As mortal human beings, a look at God in His full glory would literally kill us. God, hidden in a pillar of cloud, answered Moses’ request to see His glory in Exodus 33:20: “No one may see me and live.” 1 Timothy 6:16 describes a God “who alone is immortal and who lives in unapproachable light, whom no one has seen or can see.” John 1:18 and 1 John 4:12 also tell us that “No one has ever seen God” except God’s Son. What about seeing God’s full glory, His “unapproachable light”, would kill us? (A bug zapper comes to mind. Well, my mind. You can decide how well that analogy fits).

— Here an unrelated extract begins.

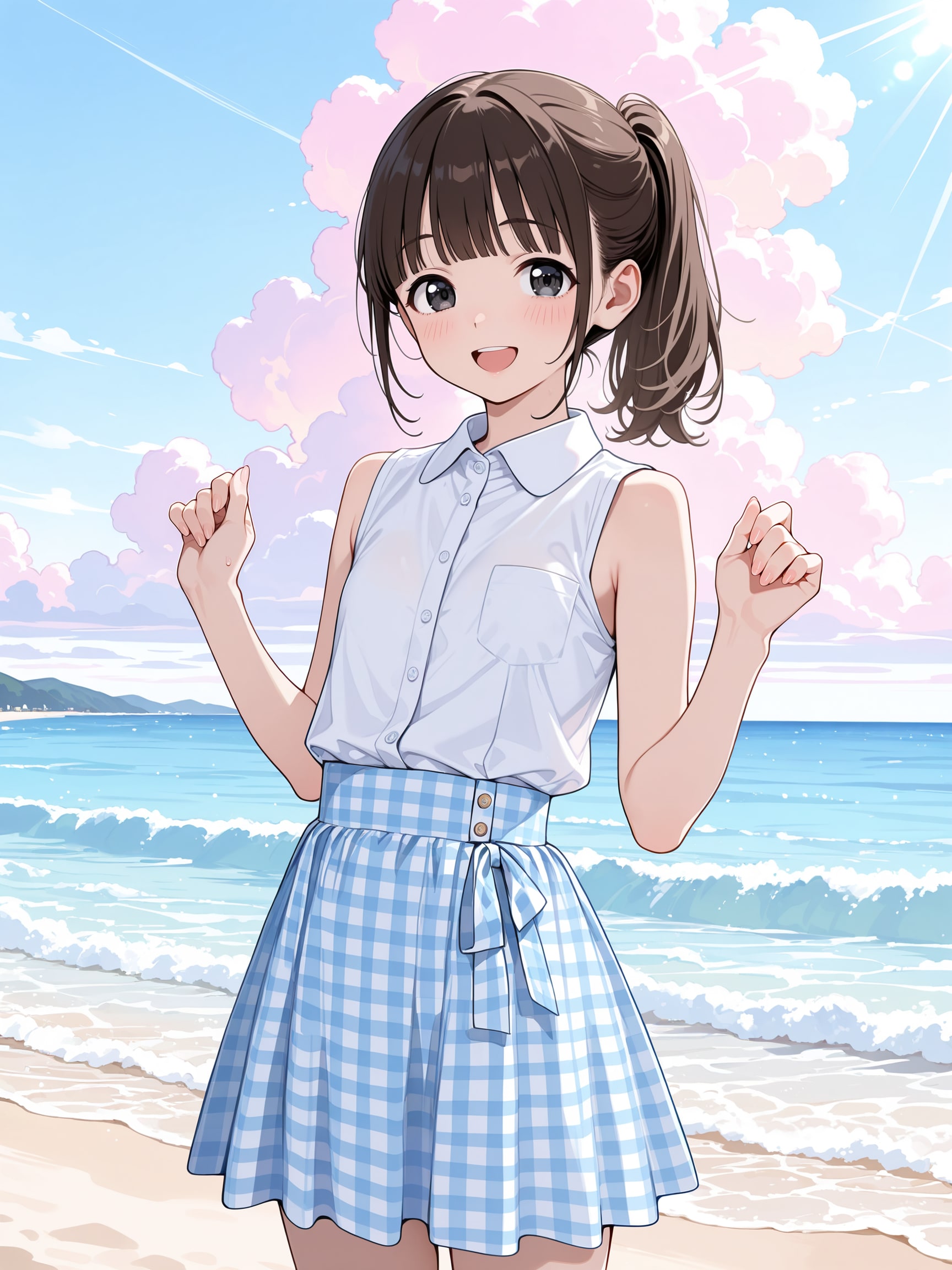 雫ちゃん写真集の為の撮影会（水着）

Jonathan Edwards wrote: “God is arrayed with an infinite brightness, a brightness that doesn’t create pain as the light of the sun pains the eyes to behold it, but rather fills with excess of joy and delight. Indeed, no man can see God and live, because the sight of such glory would overpower nature, . . . ’tis because the joy and pleasure in beholding would be too strong for a frail nature.”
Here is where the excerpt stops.